C’è da chiedersi, al termine di questa “edificante” lettura, se possano effettivamente reggere al vaglio di un’indagine storica condotta sine ira et studio – punto di vista questo estraneo alla vena polemica di Piero Buscaroli, per lo meno in questa occasione – la separazione e distinzione alquanto forzate, a nostro sommesso e modesto avviso, tra la morte di Mozart e l’apocrifa attribuzione del Requiem. Se, infatti, come riferisce lo stesso Buscaroli, il barone Gottfried Van Swieten esercitò sia l’incarico di grand commis d’etat nell’evitare preventivamente ogni pur piccola possibilità di scandalo per gli Asburgo e la corte per l’inattesa morte improvvisa del musicista, facendone rapidamente scomparire i resti mortali, dotando Maddalena Pokorny-Hofdemel e Constanze Weber-Mozart di regolare pensione di stato, appare quanto meno sorprendente che lo stesso barone abbia voluto dirigere la prima esecuzione del tanto discusso e discutibile Requiem. Sorpresa e perplessità che cadono se formuliamo l’ipotesi non peregrina che il Van Swieten abbia voluto corroborare, e per così dire, ufficializzare ad abundantiam e pubblicamente la leggenda e promuovere il mito di una fine di Mozart “naturale”, sfortunata, finanche tragica ma proprio in quanto essa raggiungeva il kammermusik nel segno della gloria musicale della messa da morto, gloria appunto, con questa partitura, perseguita fino all’ultimo istante.
Sarebbe lungo e forse fuori luogo per una recensione discutere le conseguenze per Mozart della improvvisa inattesa morte dell’imperatore Giuseppe II, ma certamente sarebbe stato auspicabile che il bel libro di Buscaroli ne avesse colto il ruolo in rapporto anche alla strana committenza “accolta-non-accolta” del Requiem del conte Walsegg.
Forse sarebbe stata questa l’occasione per compulsare i documenti sepolti del biennio 1790-91, e riesumandoli, magari scoprire che le condizioni economiche di Mozart s’erano fatte così critiche – lasciando stare quelle sociali e politiche – da suggerirgli più che l’accettazione del modesto compenso iniziale offerto al Requiem per geniale infantilismo – come fa intendere generosamente Buscaroli – piuttosto come prassi consueta nel vendere la professionale capacità compositiva, soprattutto per chi, come il salisburghese, era costretto a rimontare una situazione personale a Vienna particolarmente problematica, a seguito della morte del suo “protettore” più importante, Giuseppe II, con la susseguente ascesa al soglio imperiale di Leopoldo II, costretto immediatamente a mettere mano al risanamento morale, politico, economico del potere degli Asburgo alquanto dissestatosi sotto il fratello, per una dispendiosa e pericolosa politica di appeasement con i gruppi emergenti della borghesia, l’ostilità verso le tradizionali forze aristocratiche ed ecclesiastiche, l’impotenza a fronteggiare la rinnovata minaccia ottomana ai confini dell’impero e soprattutto l’inerzia di fronte alla Rivoluzione in Francia e per la sorte di Maria Antonietta, sfortunata regina e sorella.

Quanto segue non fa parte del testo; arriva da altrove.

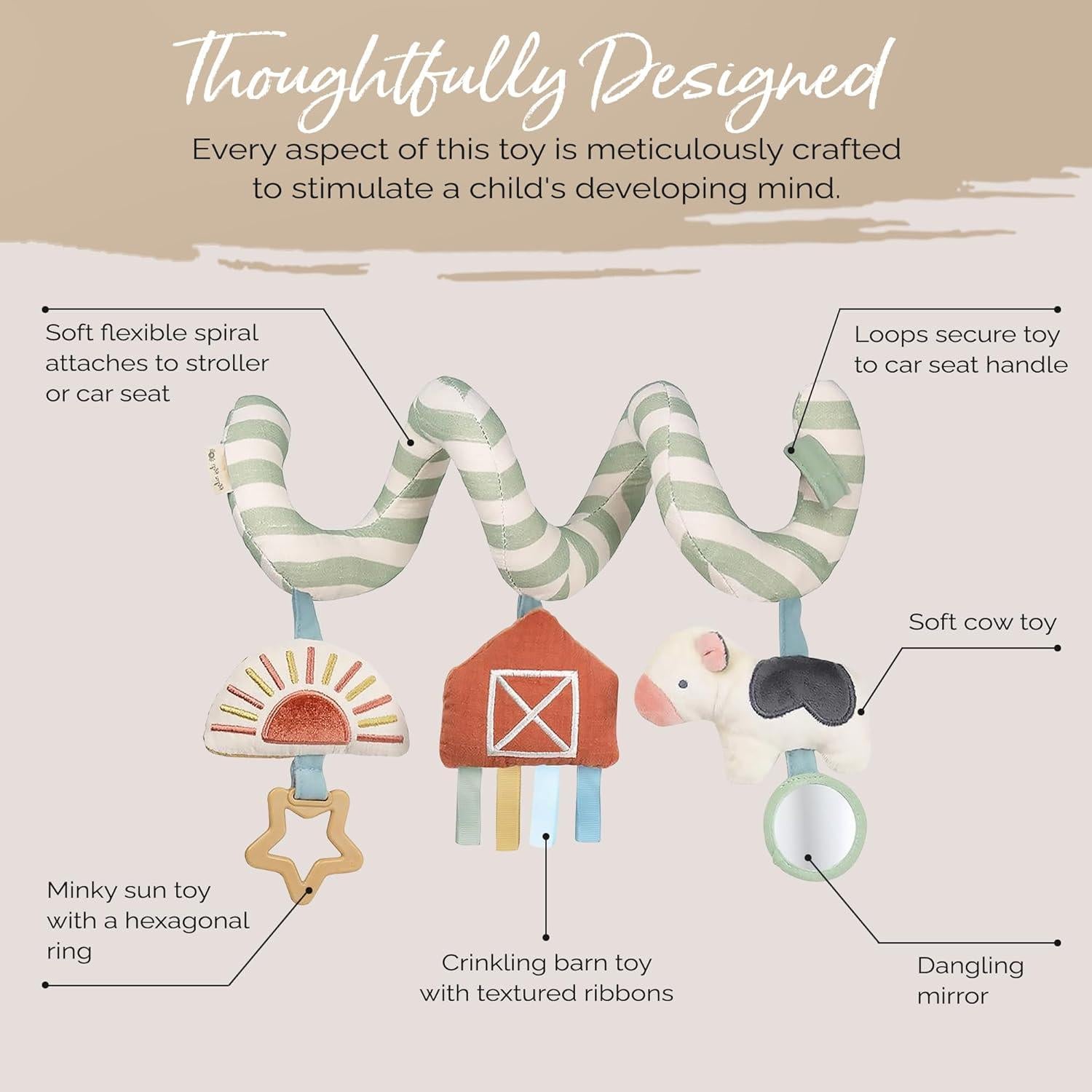 Juguete de Actividad Espiral Itzy Ritzy Granja 0+ meses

Di questo contesto nell’interessante e disvelatore libro di Piero Buscaroli non v’è traccia, come se l’autore avesse inteso non ripetere le analisi già svolte nel volume precedente: Al servizio dell’imperatore, ed abbia invece preferito considerare l’evento del Requiem come esclusiva pertinenza e solitaria scelta etico-estetica di W.A. Mozart, e perciò del tutto indipendente e scissa dalla biografia immediatamente precedente la fine del musicista.